> What you need to do:
Begin at the line where "Dr Hilary discussing" appears and reproduce exactly every line through the end of the data below, both included, skipping pictures.

Short web captions
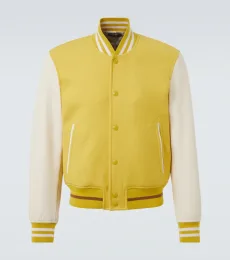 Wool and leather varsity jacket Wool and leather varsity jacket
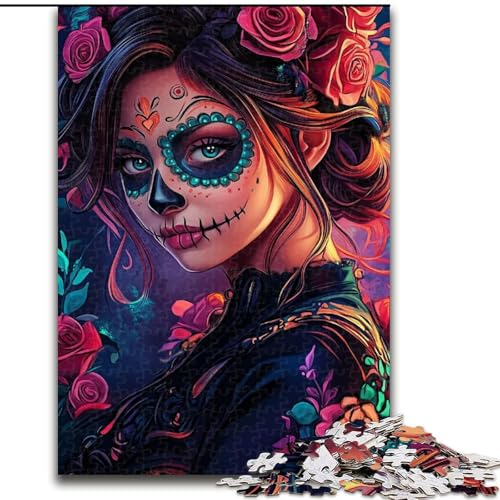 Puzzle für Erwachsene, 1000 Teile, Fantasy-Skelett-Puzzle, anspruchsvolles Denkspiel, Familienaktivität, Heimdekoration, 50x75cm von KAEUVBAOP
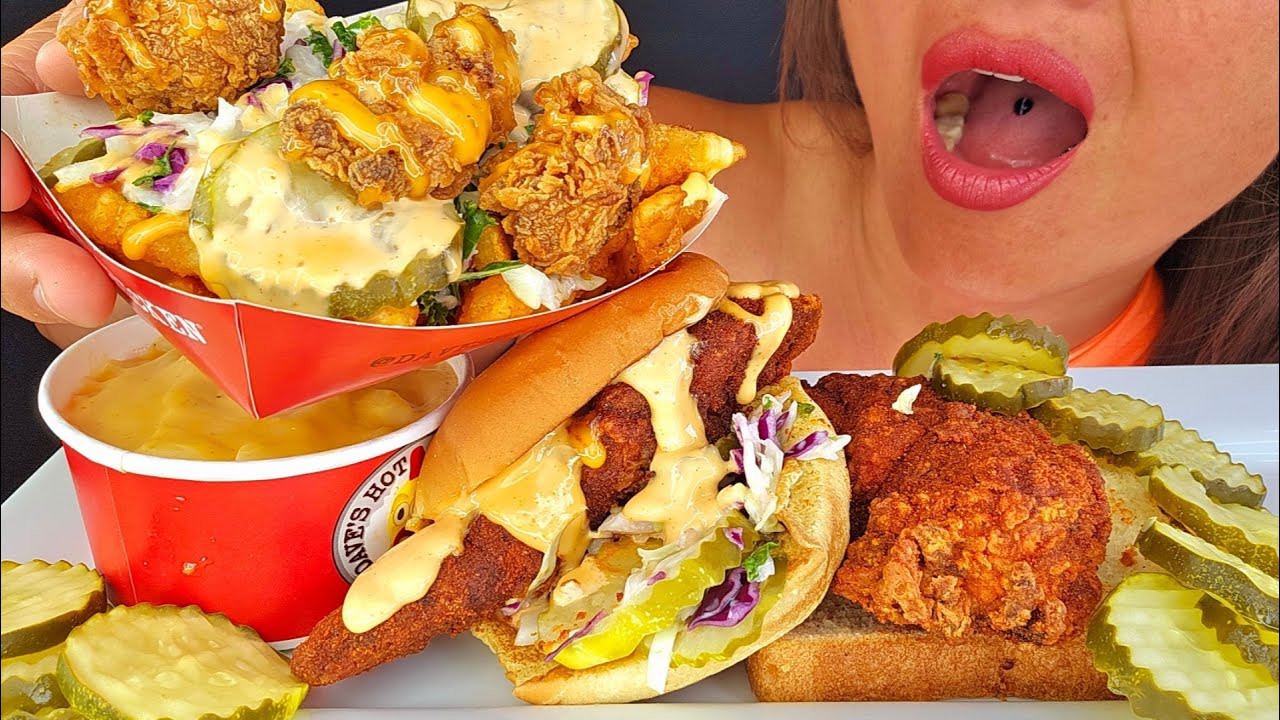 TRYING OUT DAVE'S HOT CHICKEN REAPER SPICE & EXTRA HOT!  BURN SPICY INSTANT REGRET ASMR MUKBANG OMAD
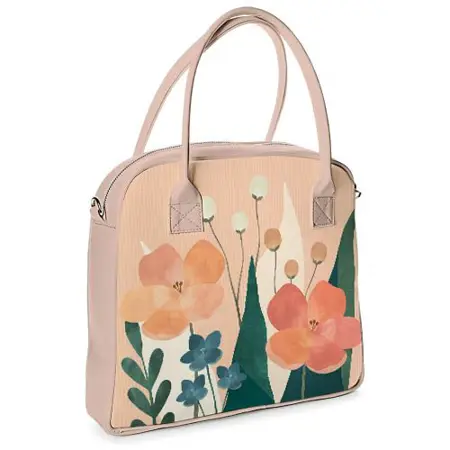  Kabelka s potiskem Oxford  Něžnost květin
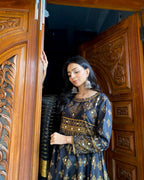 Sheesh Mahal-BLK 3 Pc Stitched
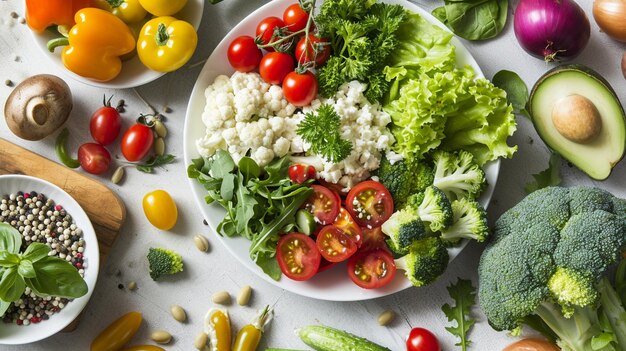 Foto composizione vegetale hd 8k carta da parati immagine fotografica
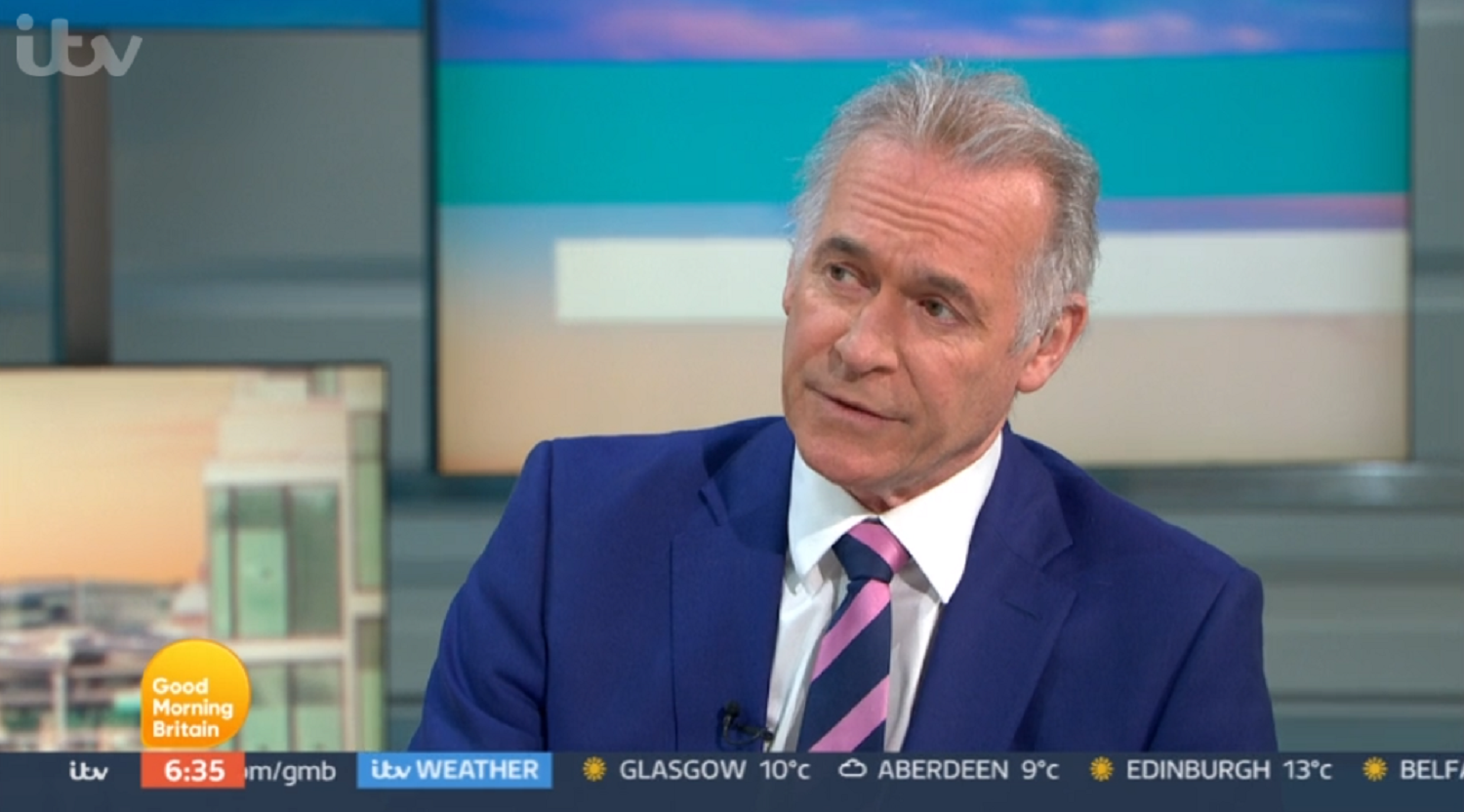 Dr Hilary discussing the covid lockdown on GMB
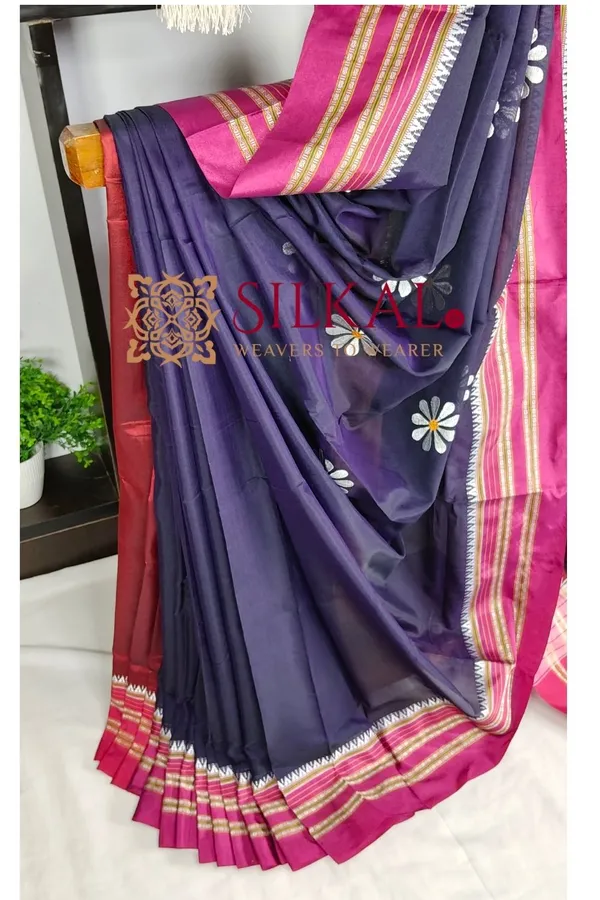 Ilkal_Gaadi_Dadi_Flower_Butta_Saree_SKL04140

> Task answer:
 Dr Hilary discussing the covid lockdown on GMB
 Ilkal_Gaadi_Dadi_Flower_Butta_Saree_SKL04140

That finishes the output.